START Extracted data

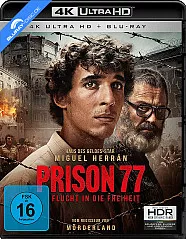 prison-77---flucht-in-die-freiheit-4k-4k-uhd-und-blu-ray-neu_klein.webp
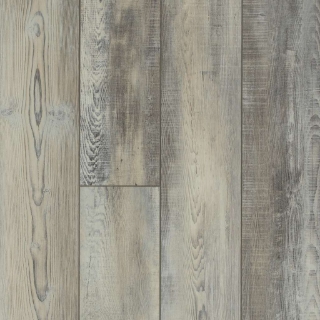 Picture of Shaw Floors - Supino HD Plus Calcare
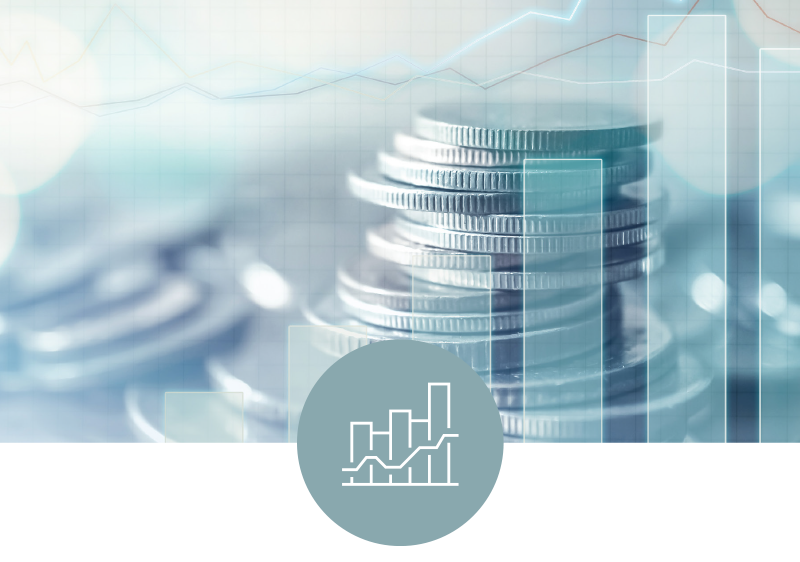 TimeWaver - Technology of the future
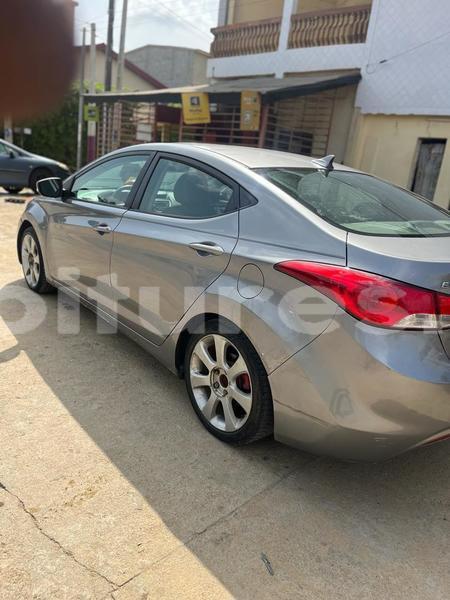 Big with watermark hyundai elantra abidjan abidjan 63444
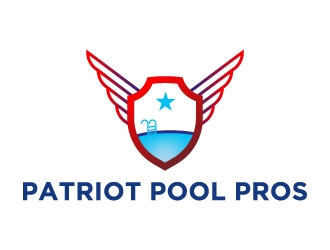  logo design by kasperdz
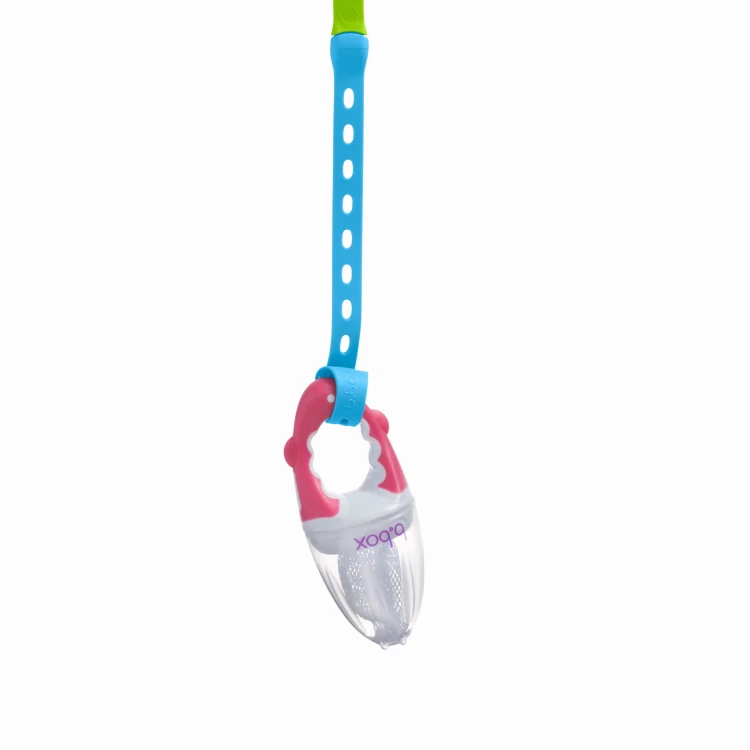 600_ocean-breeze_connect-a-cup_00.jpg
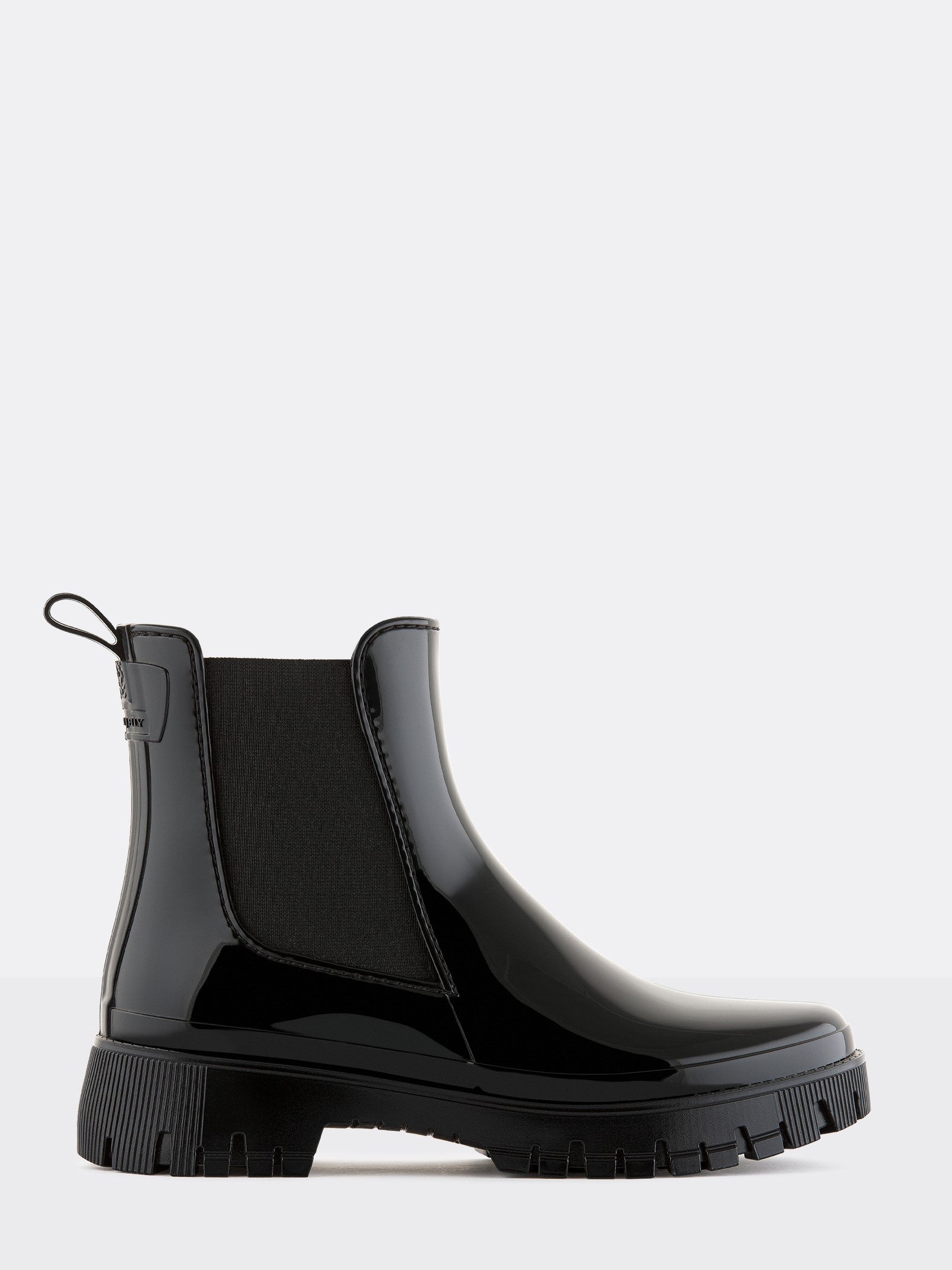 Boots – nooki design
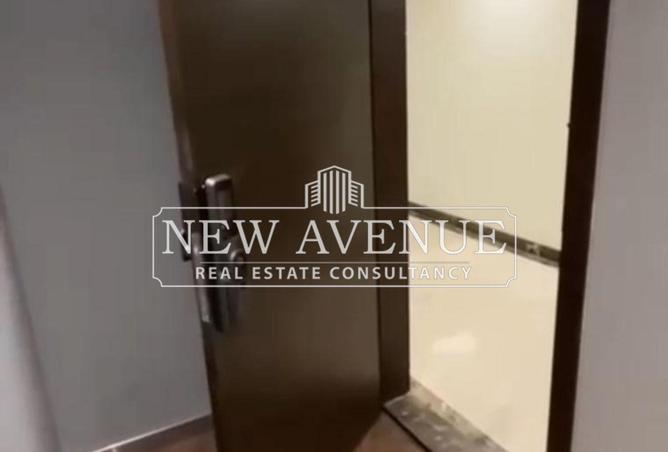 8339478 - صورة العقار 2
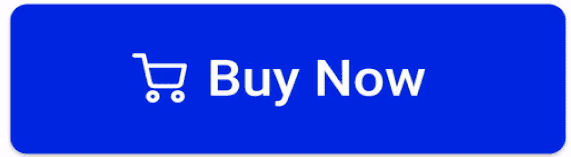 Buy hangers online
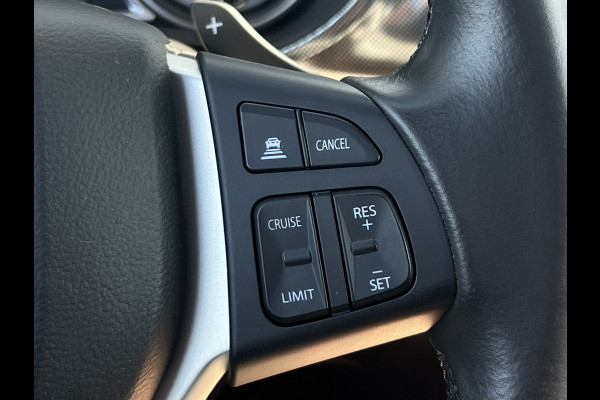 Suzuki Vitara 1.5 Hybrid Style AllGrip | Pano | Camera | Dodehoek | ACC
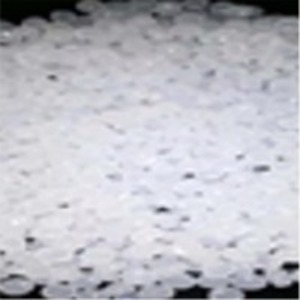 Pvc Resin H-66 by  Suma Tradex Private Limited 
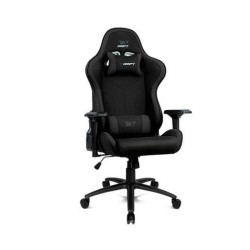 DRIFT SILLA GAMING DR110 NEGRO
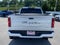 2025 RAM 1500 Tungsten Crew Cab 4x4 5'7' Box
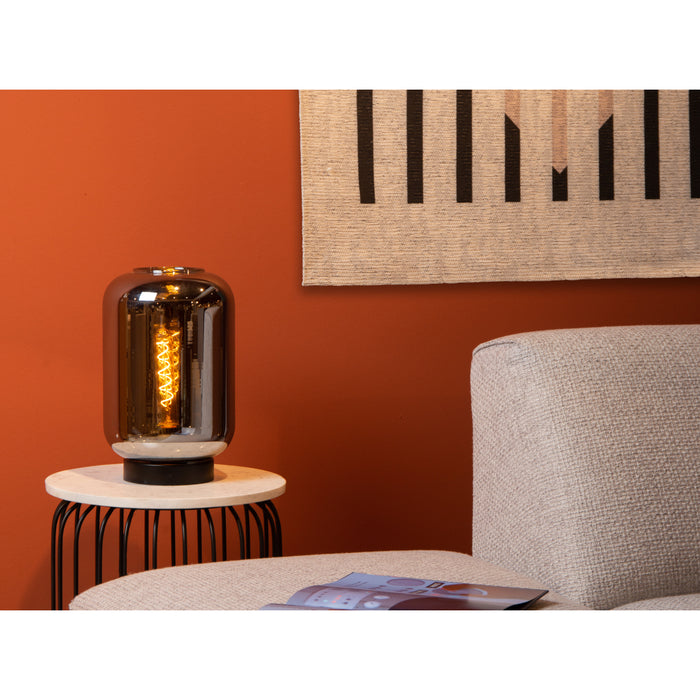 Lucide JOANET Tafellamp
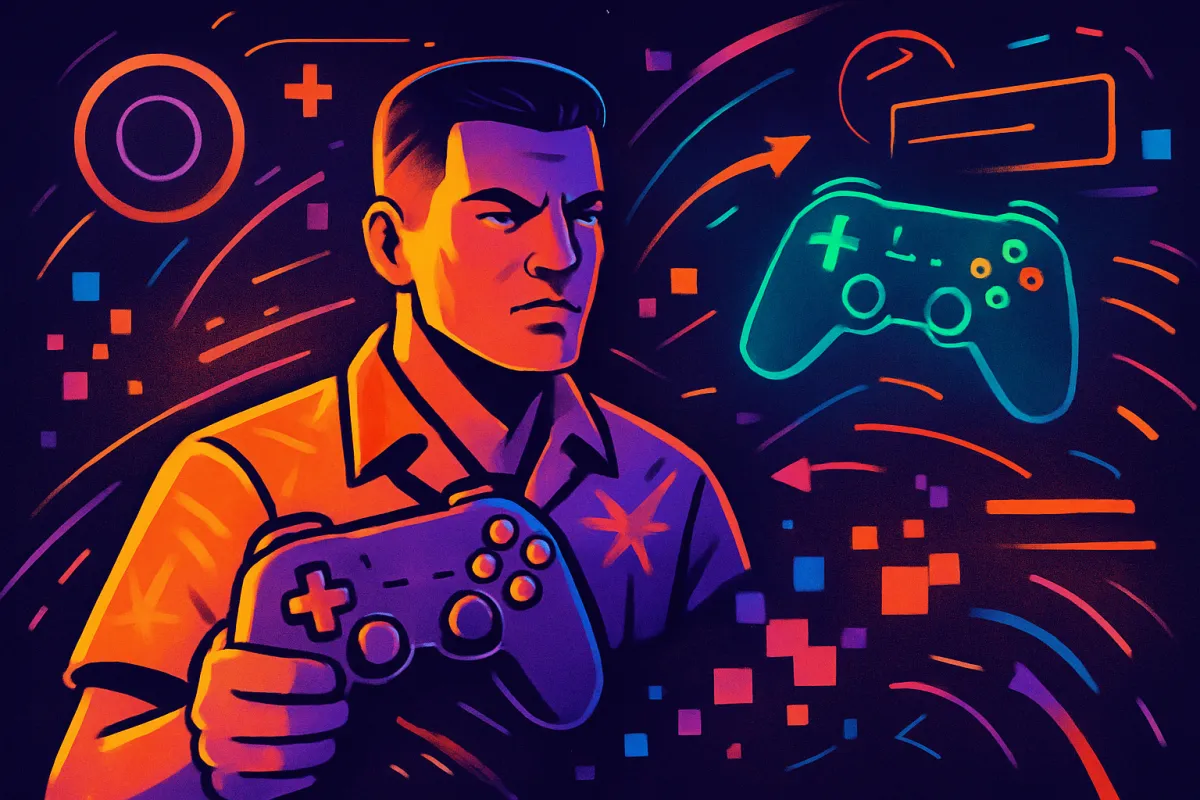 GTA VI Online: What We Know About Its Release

END Extracted data

• _Exercise instructions_
From the line containing "Picture of Shaw" to the end of the data above, give those lines again verbatim, with both endpoints included and no images.

• _Answer for this exercise_
 Picture of Shaw Floors - Supino HD Plus Calcare
 TimeWaver - Technology of the future
 Big with watermark hyundai elantra abidjan abidjan 63444
  logo design by kasperdz
 600_ocean-breeze_connect-a-cup_00.jpg
 Boots – nooki design
 8339478 - صورة العقار 2
 Buy hangers online
 Suzuki Vitara 1.5 Hybrid Style AllGrip | Pano | Camera | Dodehoek | ACC
 Pvc Resin H-66 by  Suma Tradex Private Limited 
 DRIFT SILLA GAMING DR110 NEGRO
 2025 RAM 1500 Tungsten Crew Cab 4x4 5'7' Box
 Lucide JOANET Tafellamp
 GTA VI Online: What We Know About Its Release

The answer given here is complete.